* [Exercise aim]: Below is a listing to repeat exactly, with its pictures left out.

----

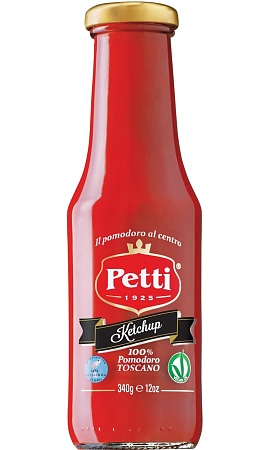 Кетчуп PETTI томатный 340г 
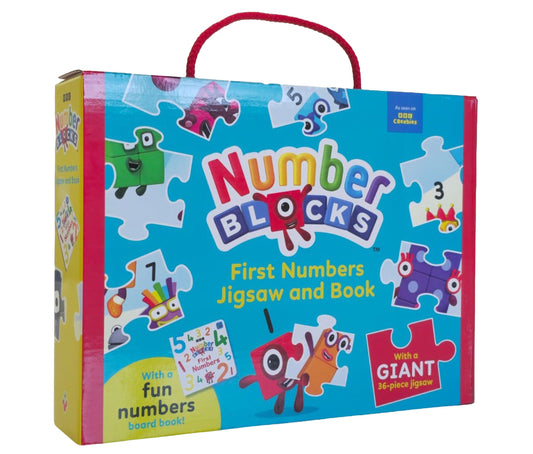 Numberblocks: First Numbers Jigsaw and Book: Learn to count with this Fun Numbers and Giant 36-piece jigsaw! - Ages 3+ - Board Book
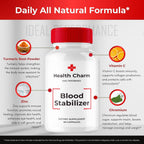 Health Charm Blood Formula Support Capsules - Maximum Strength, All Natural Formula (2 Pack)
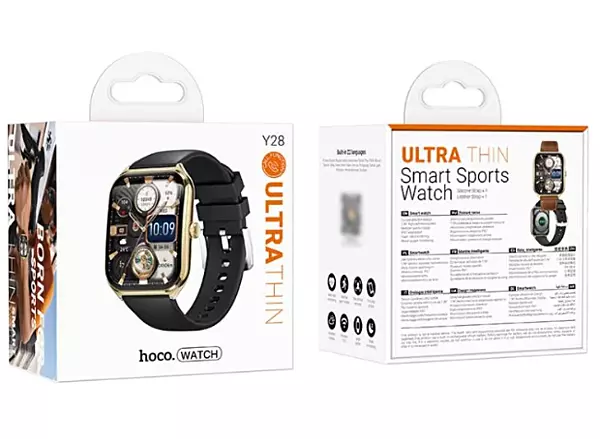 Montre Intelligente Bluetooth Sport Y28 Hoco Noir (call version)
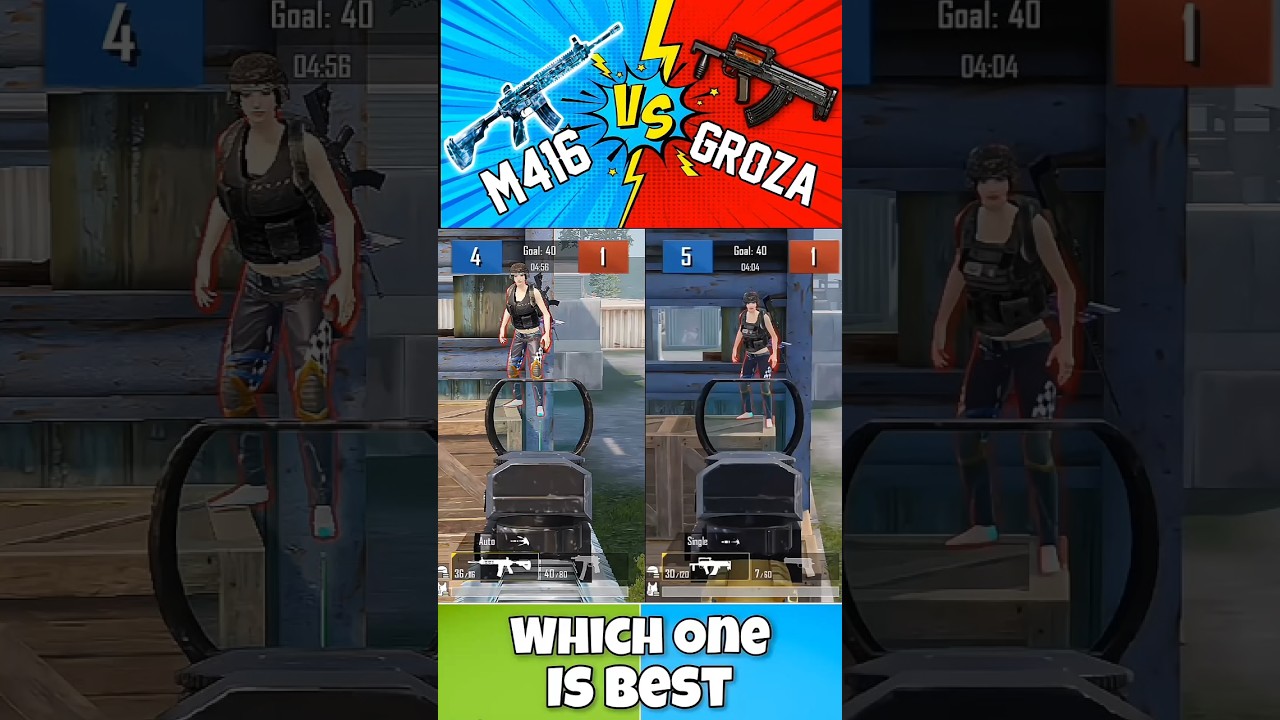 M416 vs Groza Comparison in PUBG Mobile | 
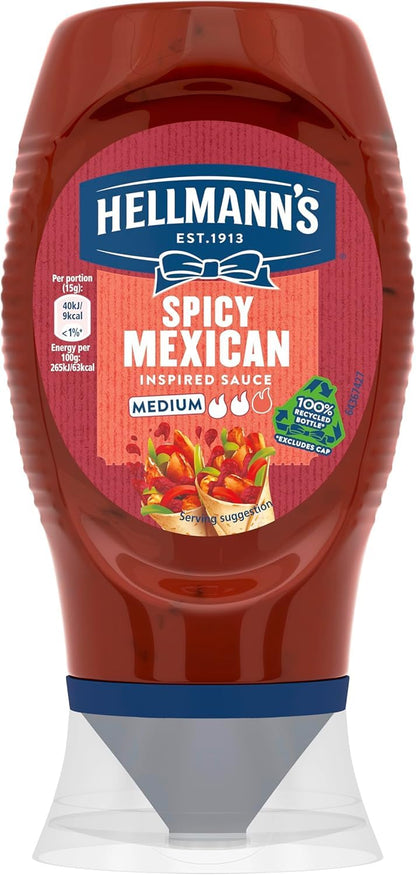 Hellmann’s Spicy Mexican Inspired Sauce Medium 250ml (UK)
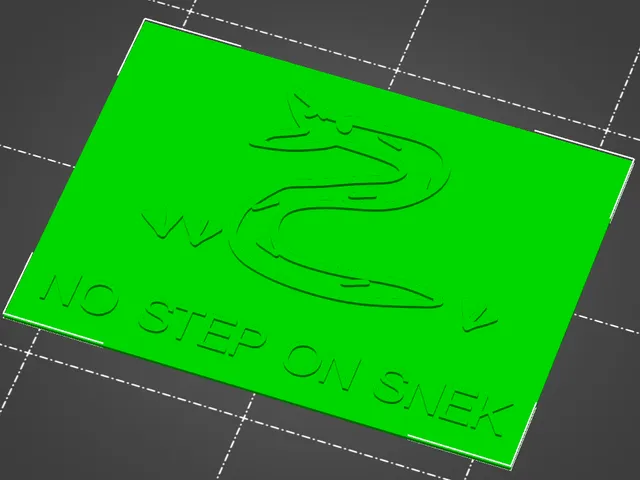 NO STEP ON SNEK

----

* [Expected answer]:
 Кетчуп PETTI томатный 340г 
 Numberblocks: First Numbers Jigsaw and Book: Learn to count with this Fun Numbers and Giant 36-piece jigsaw! - Ages 3+ - Board Book
 Health Charm Blood Formula Support Capsules - Maximum Strength, All Natural Formula (2 Pack)
 Montre Intelligente Bluetooth Sport Y28 Hoco Noir (call version)
 M416 vs Groza Comparison in PUBG Mobile | 
 Hellmann’s Spicy Mexican Inspired Sauce Medium 250ml (UK)
 NO STEP ON SNEK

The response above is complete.